Provided entries Start Marker

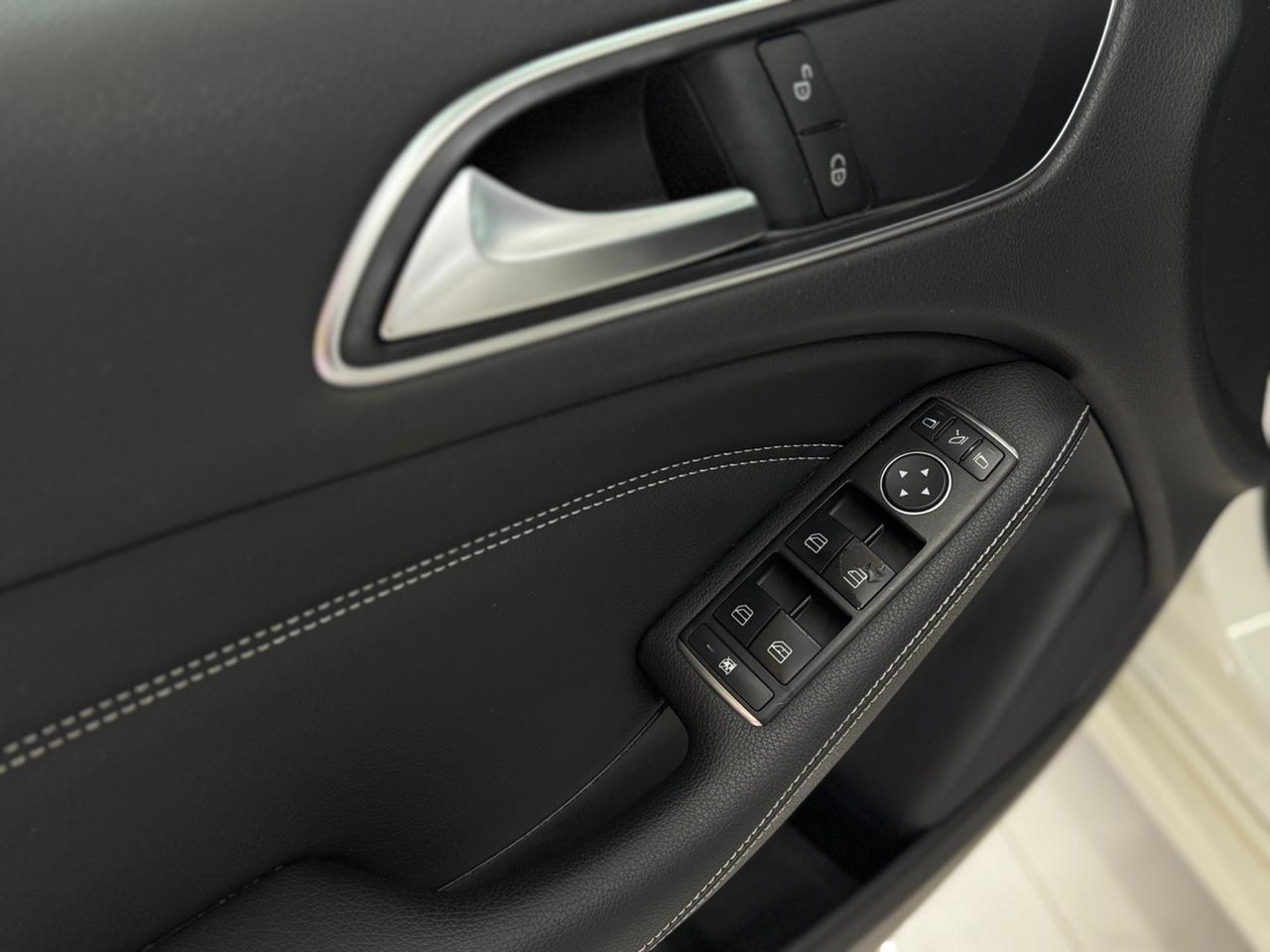 Mercedes-benz B 180d Automatic Premium AMG Iper Full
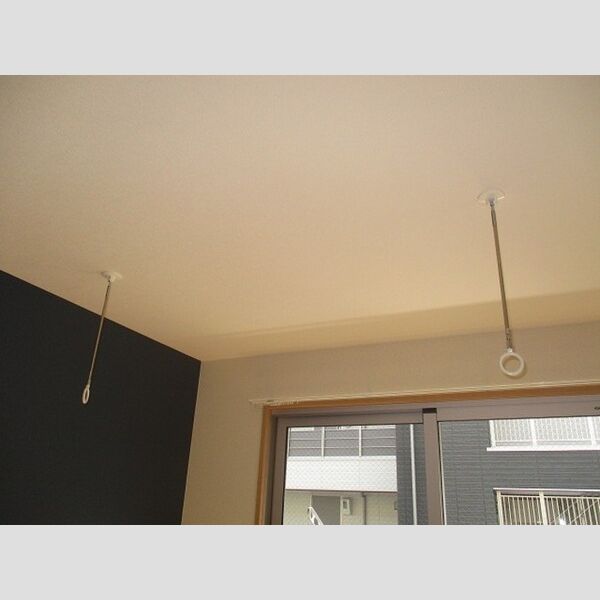 ルミエールC 室内物干し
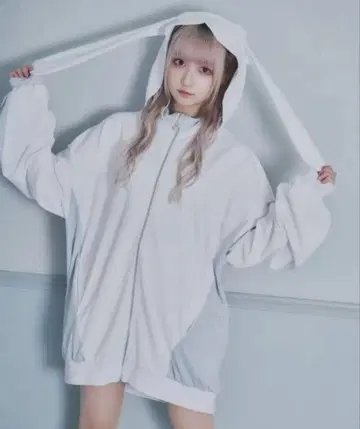 호와이니 토끼 귀 후드티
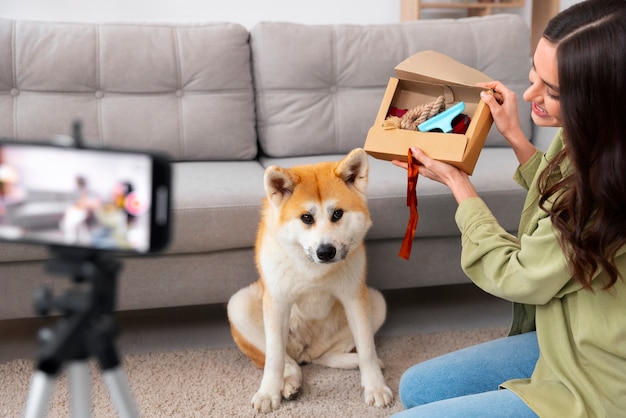 Foto gratuita estilo de vida de la persona que crea contenido con su mascota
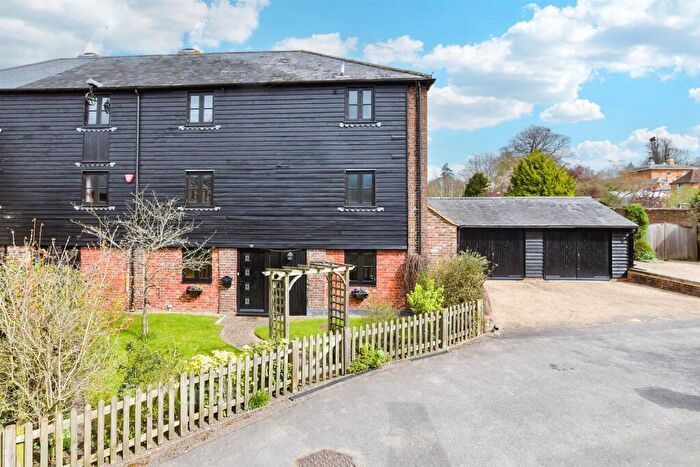 6 Bedroom Barn Conversion For Sale In Church Lane, West Farleigh, Maidstone, Kent, ME15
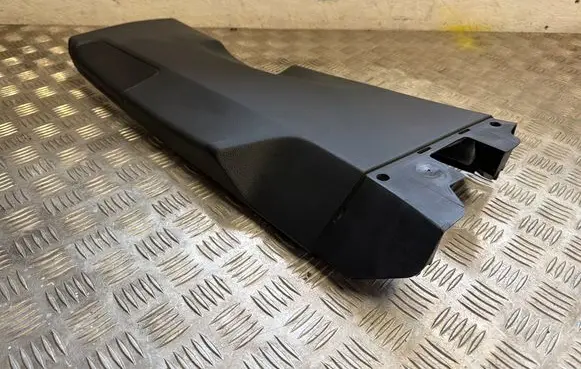 Audi Q7 4M (B) pillar trim (bottom) 4M0867239F 4Z0867239C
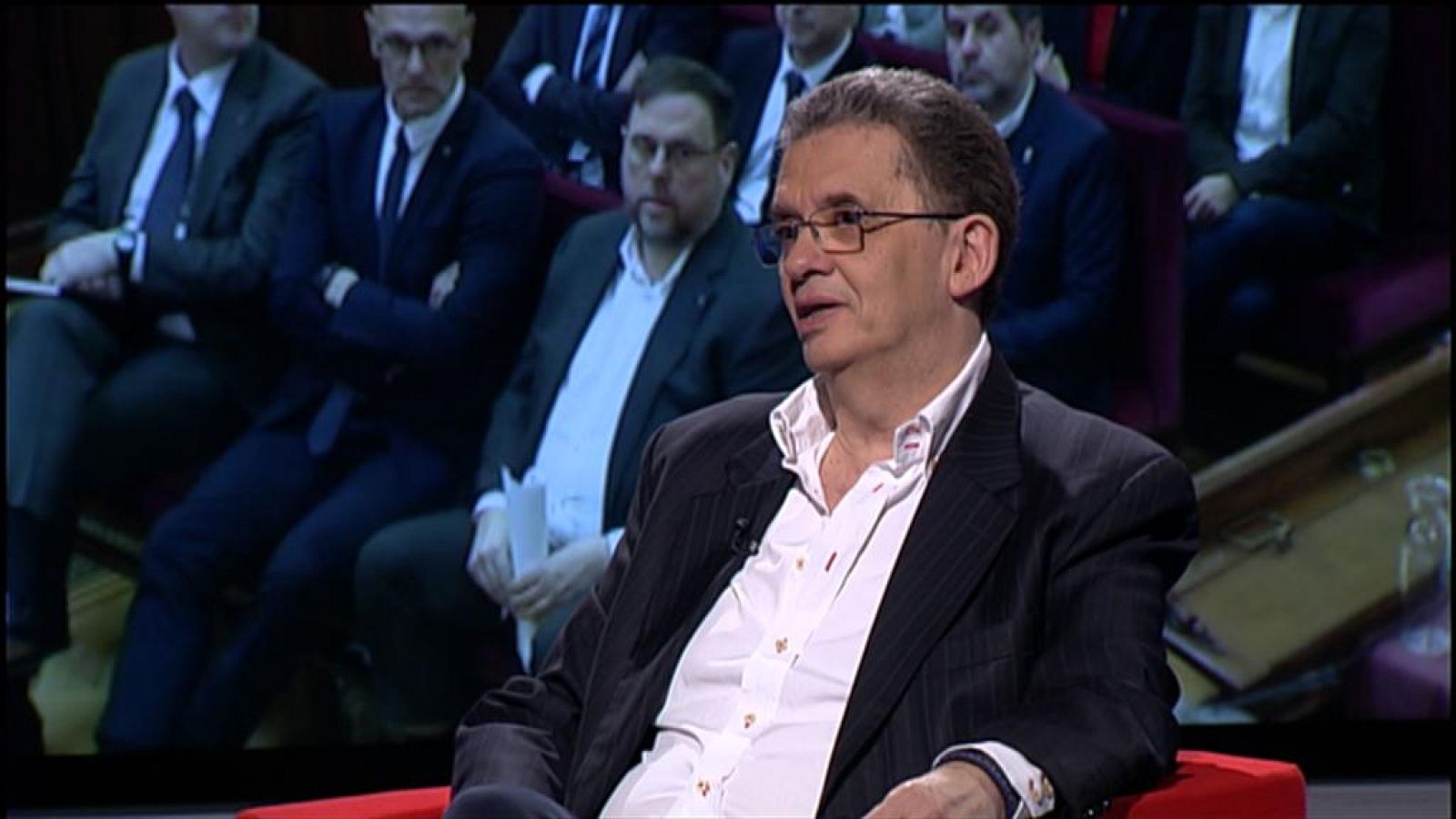 Lluís Falgàs parla amb el periodista de La Vanguardia Santiago Tarín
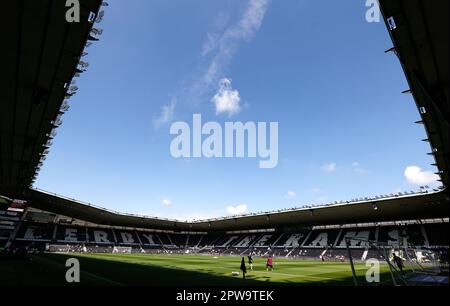 Vue générale de l'intérieur du stade avant le match de la Sky Bet League One au Pride Park, Derby. Date de la photo: Samedi 29 avril 2023. Banque D'Images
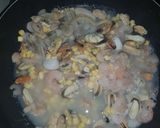 Foto del paso 2 de la receta: Arroz con marisco🍤.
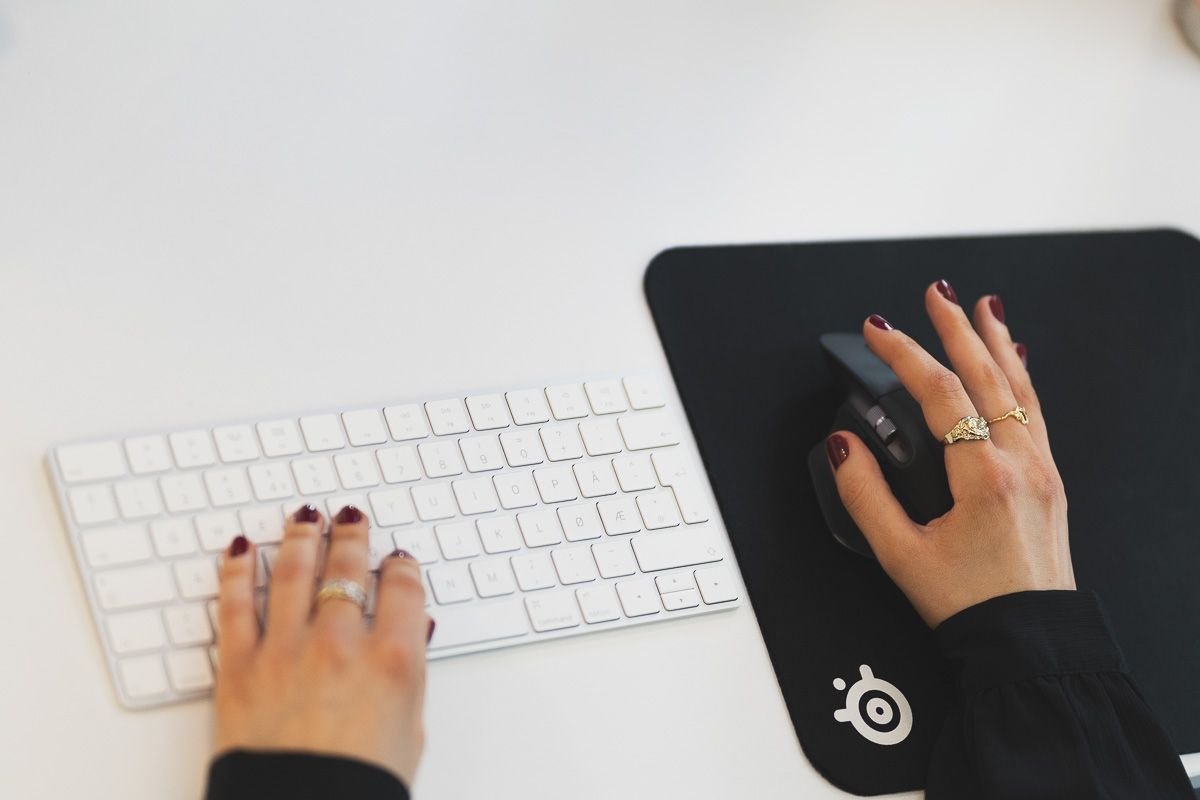 Hva er headless CMS? Fordeler, ulemper og eksempler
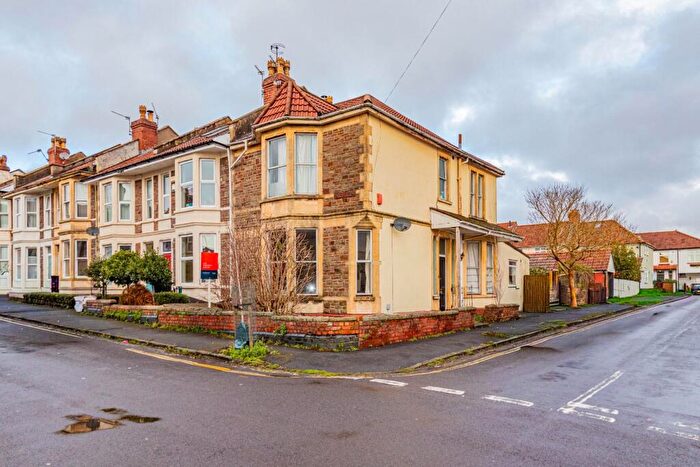 5 Bedroom End Of Terrace House For Sale In Court Road, Horfield, Bristol, BS7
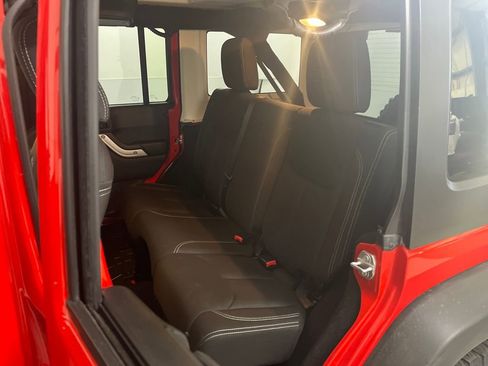 Used 2017 Jeep Wrangler Unlimited Rubicon w/ Connectivity Group image 18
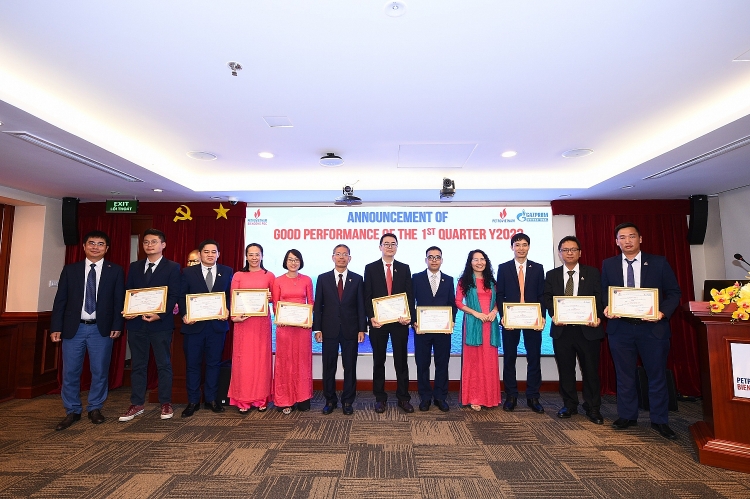 BIENDONG POC sơ kết quý 1/2023: Hoàn thành vượt mức kế hoạch với nhiều áp lực và thách thức BIENDONG POC sơ kết quý 1/2023: Hoàn thành vượt mức kế hoạch với nhiều áp lực và thách thức
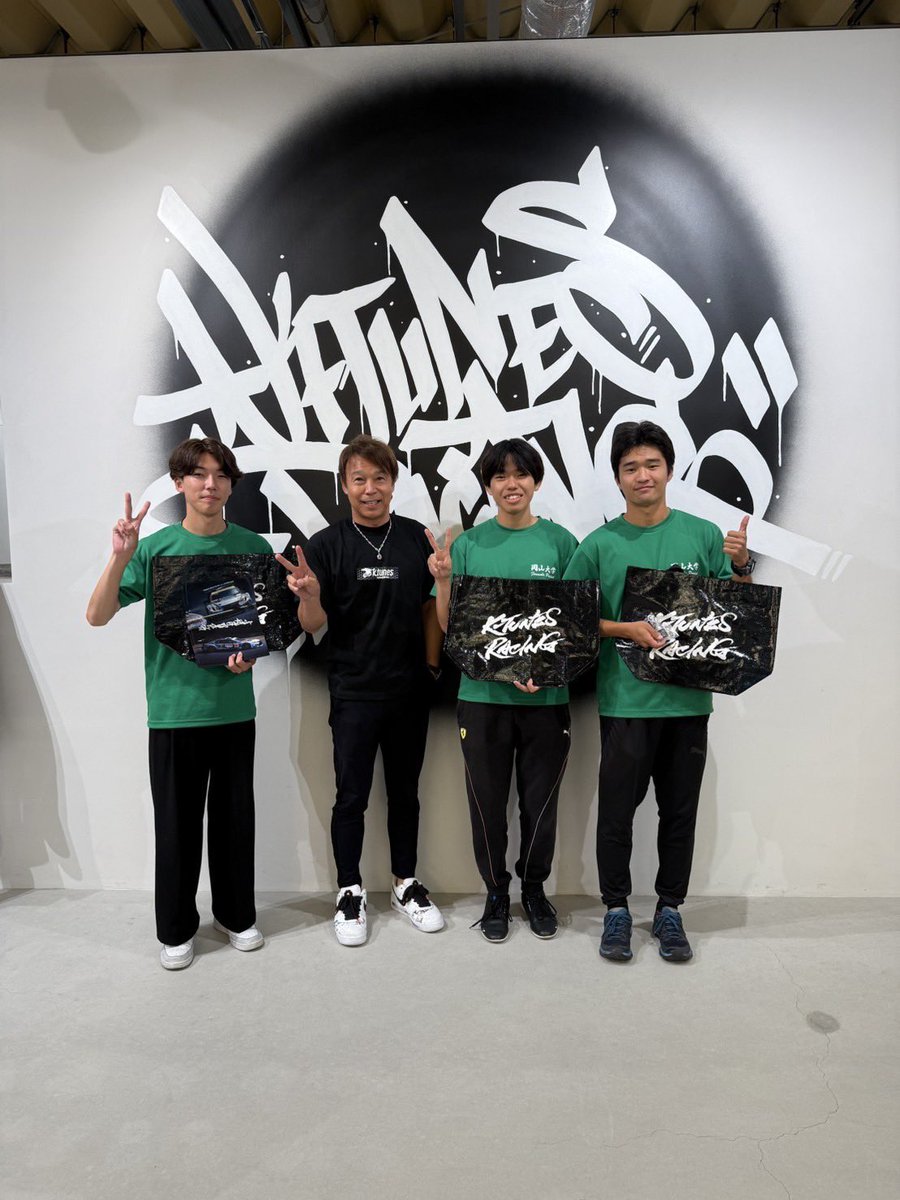 本日、K-tunes RACING様(k-tunes.com)に訪問させて頂きました！

岡山県を拠点としているレーシングチームであり、大会期間中には、岡山からピットまで来てくださいました！

本日はありがとうございました！

 #KtunesRacing #fsae #学生フォーミュラ #岡山大学 #OUFP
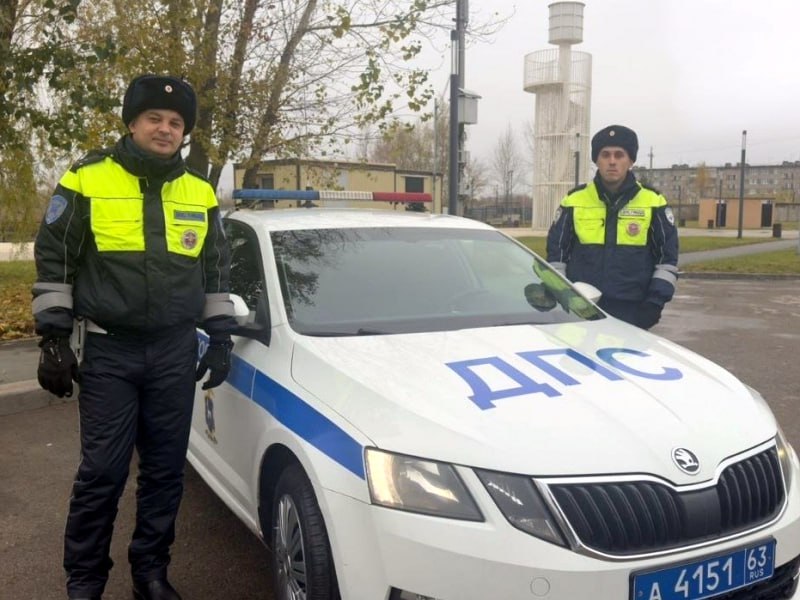 В Самарской области сотрудники дорожно-патрульной службы МО МВД России «Кинельский» старший лейтенант полиции Дмитрий Монахов и лейтенант полиции Александр Федосеев во время несения службы на 1 км автодороги «Кинель –...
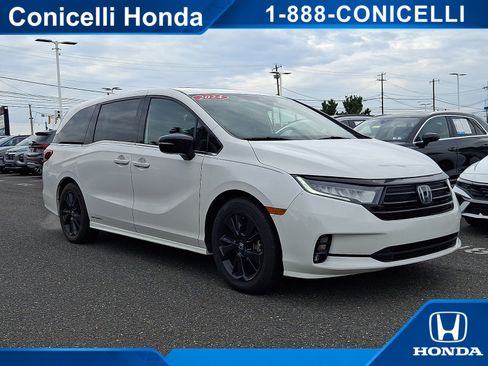 Used 2024 Honda Odyssey Sport image 1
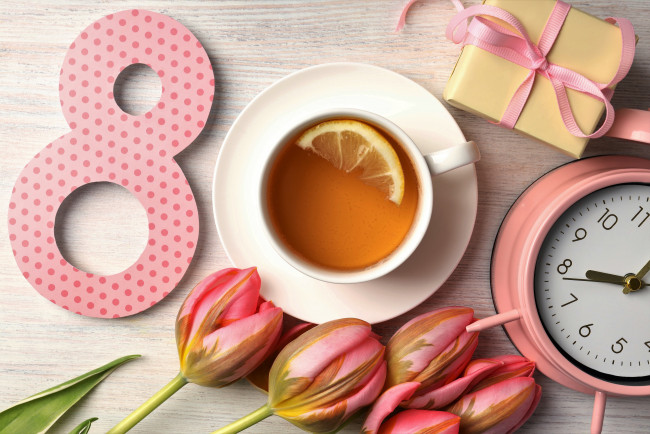 Обои картинки фото праздничные, международный женский день - 8 марта, будильник, тюльпаны, чай, подарок, восьмерка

Provided entries End Marker

If a picture appears among the records, leave it out, and otherwise reproduce exactly every line from the first line through the one with "6 Bedroom Barn", both included.

- [Result of this task]:
 Mercedes-benz B 180d Automatic Premium AMG Iper Full
 ルミエールC 室内物干し
 호와이니 토끼 귀 후드티
 Foto gratuita estilo de vida de la persona que crea contenido con su mascota
 6 Bedroom Barn Conversion For Sale In Church Lane, West Farleigh, Maidstone, Kent, ME15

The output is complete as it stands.